Sense Tagging the Penn TreeBank
Martha Stone Palmer, University of Pennsylvania
April 18, 2000
As our national interests become increasingly global, timely access to information in other languages becomes more and more necessary. This can only be provided efficiently through the use of automated or semi-automated information processing technology. Computational lexical semantics plays a critical role in multilingual information processing, especially machine translation where it is essential for accurate lexical choice. This talk will give examples of difficult translation choices, and demonstrate how the use of cross-linguistic semantic components based on lexical generalizations can lead to accurate predictions.
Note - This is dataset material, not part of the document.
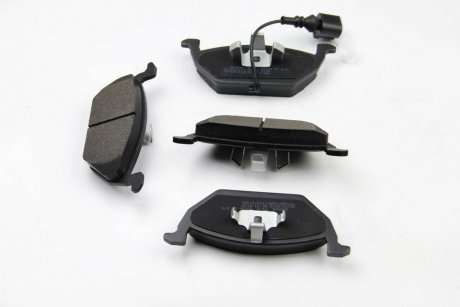 Гальмівні колодки перед. Caddy III/Golf V/Octavia/A3 03- (з датчиком) Bremsi BP2848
It will introduce Levin classes and a refinement of them, Intersective Levin classes, and show how the closely coupled syntactic frames and semantic components they supply provide a methodology for defining regular sense extensions. The regular sense extensions exemplified by the syntactic adjunctions supply concrete criteria for sense distinctions, which provide a basis for VerbNet, a public domain lexical resource that is being used for semantic annotation of on-line corpora, including the Penn TreeBank. The approach and methodology that is being used to associate WordNet and VerbNet sense tags as well as predicate-argument structures with the Penn TreeBank will be described.
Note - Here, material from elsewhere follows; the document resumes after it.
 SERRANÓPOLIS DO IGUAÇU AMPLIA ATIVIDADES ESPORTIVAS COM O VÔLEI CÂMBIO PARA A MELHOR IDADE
Professor Martha Palmer is in the Computer and Information Sciences Department of the University of Pennsylvania, as well as the Institute for Research in Cognitive Science. She has been actively involved in research in Natural Language Processing and Knowledge Representation for over twenty years, beginning with her graduate work at the University of Edinburgh on the use of Lexical Conceptual Structures as predicate argument structures for driving the semantic interpretation process. This lexically based semantic interpretation process was continued during a postdoc at the University of Pennsylvania and formed the basis of the successful DARPA-funded text processing system, Pundit, which she built at Unisys during the 80's. This system integrated semantic and pragmatic processing in innovative ways that enabled sophisticated reference resolution and temporal analysis. During her three year visit to the National University of Singapore she began applying these same techniques to the task of English to Chinese Machine Translation, and has continued this research since returning to Philadelphia and the University of Pennsylvania in 1993. She is now broadening her interest in lexical semantics to include cross-linguistic verb classifications and is involved in building a Chinese TreeBank for the Department of Defense and a Korean/English Machine Translation system for the US Army. She is currently a member of the Advisory Committee for the DARPA TIDES program, (Trans-lingual Information Detection, Extraction and Summarization), the coordinator for American involvement in EAGLES, the international Expert Advisory Group on Language Engineering Standards, and is Chair of SIGLEX, the Special Interest Group on the Lexicon. She was previously on the Executive Committee of the Association of Machine Translation for the Americas and the Executive Committee of the Association of Computational Linguistics, as well as Co-Program Chair of ACL-96.